- Japanese film poster for Gothic & Lolita Psycho.
- Directed by: Go Ohara
- Written by: Hisakatsu Kuroki
- Produced by: Jun Nakajima Hiroyuki Sasaki
- Starring: Rina Akiyama Ruito Aoyagi Minami Tsukui Misaki Momose Yurei Yanagi Masahito Okamoto Satoshi Hakuzen
- Cinematography: Nobuhisa Ito
- Edited by: Go Ohara
- Music by: Bloody Bad Romance
- Release date: September 4, 2010 (Japan);
- Running time: 87 minutes
- Country: Japan
- Language: Japanese

= Gothic & Lolita Psycho =

Gothic & Lolita Psycho (ゴスロリ処刑人, Gosu Rori Shokeinin) is a 2010 Japanese film directed by Go Ohara.
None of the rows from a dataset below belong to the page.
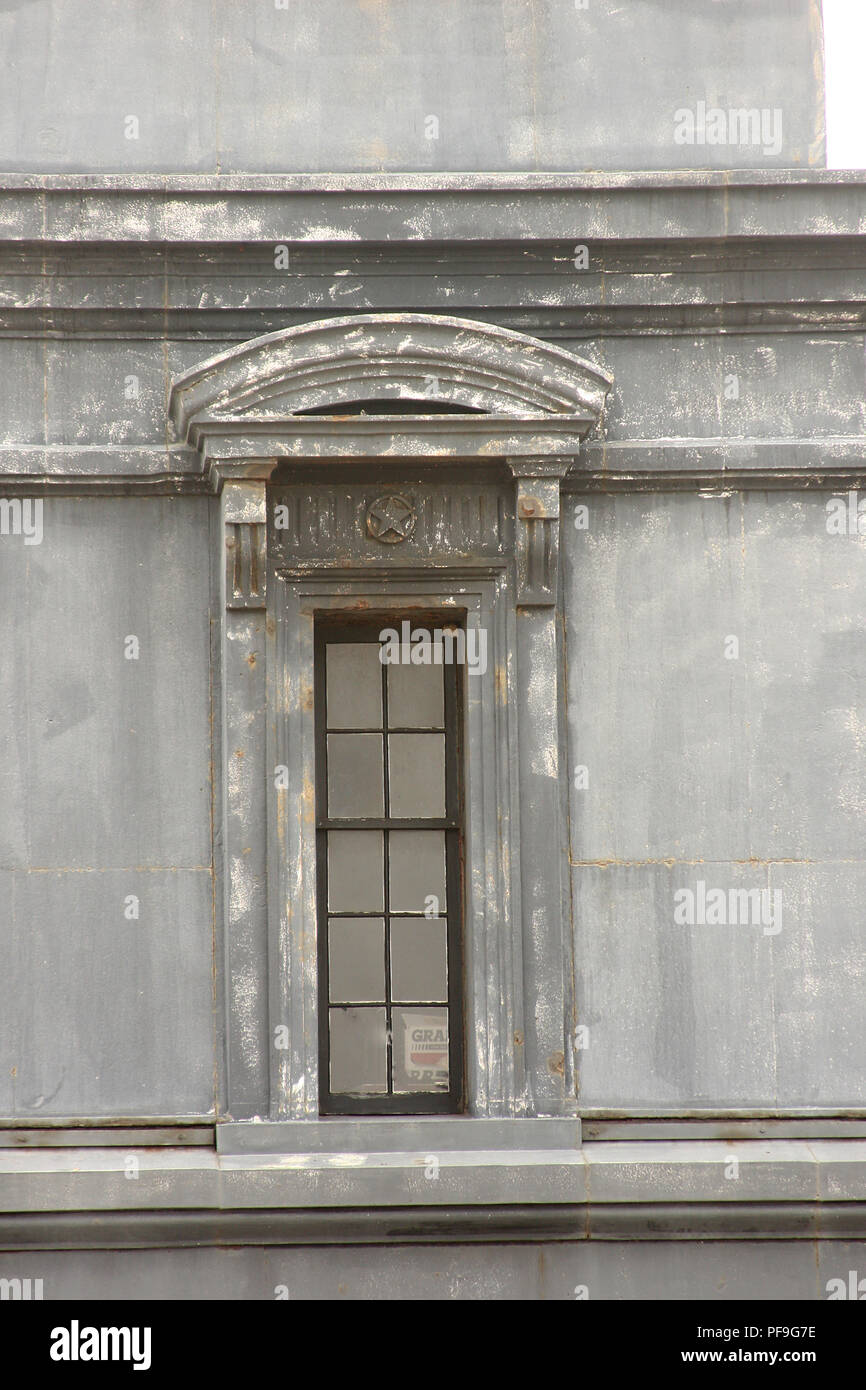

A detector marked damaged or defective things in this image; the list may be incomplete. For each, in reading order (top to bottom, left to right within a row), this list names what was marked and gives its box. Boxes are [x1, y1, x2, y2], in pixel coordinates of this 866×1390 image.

arched broken pediment [169, 314, 614, 450]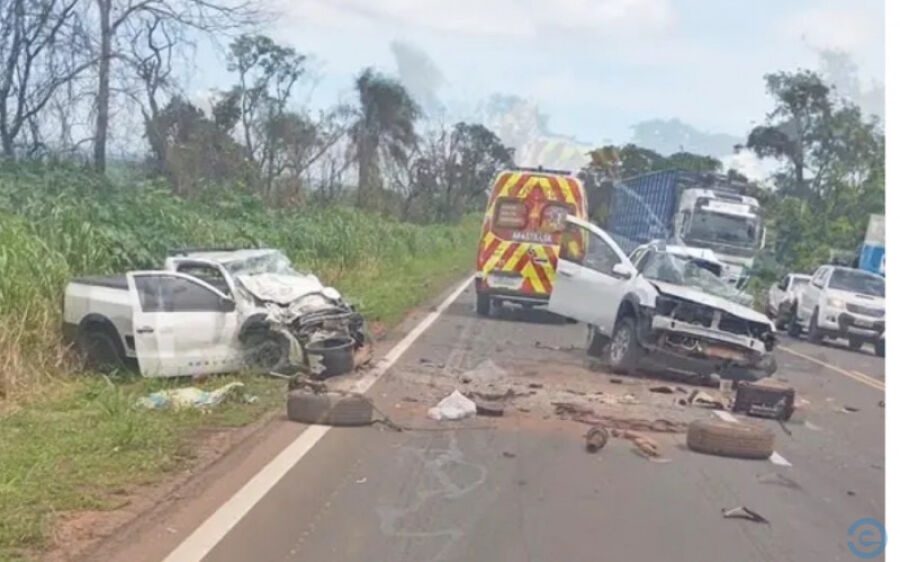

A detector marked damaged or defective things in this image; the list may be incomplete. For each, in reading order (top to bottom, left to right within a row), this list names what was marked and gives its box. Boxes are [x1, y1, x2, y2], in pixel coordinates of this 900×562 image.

destroyed white pickup truck [62, 248, 366, 376]
damaged white suv [62, 248, 366, 376]
damaged white suv [544, 214, 776, 380]
destroyed white pickup truck [552, 215, 776, 380]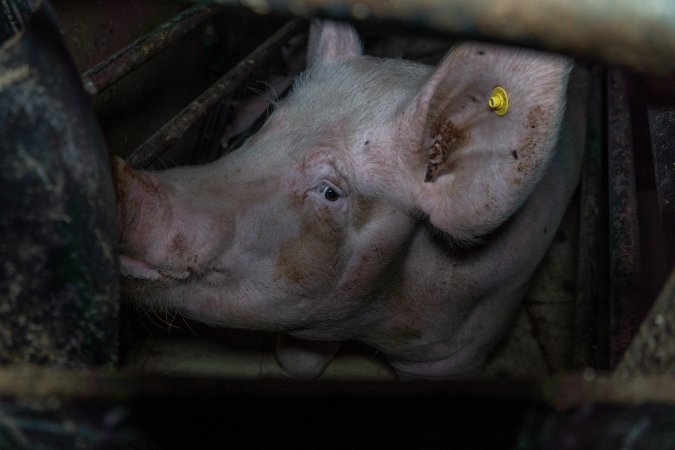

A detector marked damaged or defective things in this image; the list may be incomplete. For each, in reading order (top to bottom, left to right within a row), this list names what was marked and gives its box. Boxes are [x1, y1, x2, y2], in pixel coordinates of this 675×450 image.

It stars Rina Akiyama, Ruito Aoyagi, Minami Tsukui, Misaki Momose, Yurei Yanagi, Masahito Okamoto, Satoshi Hakuzen and Asami Sugiura.

==Plot==
Yuki (Rina Akiyama) lives with her father Jiro (Yurei Yanagi) and her mother Kayako (Fumie Nakajima) in Tokyo. Their peaceful lives are disturbed when a group of assassins slaughter Kayako and injure Jiro. Yuki seeks revenge by dressing herself in Gothic Lolita fashion and killing off the assassins.

==Release and reception==
The film was shown at the Tokyo International Film Festival on October 25, 2010. The film was released on DVD in North America by Tokyo Shock on May 24, 2011 under the title Psycho Gothic Lolita.

The Hollywood Reporter gave a mixed review, praising the film's "lightning pace" and stating that "several sequences involving Yuki and her Lolita garb are subtly witty" while saying it never reaches the heights of special effects designer Yoshihiro Nishimura's films.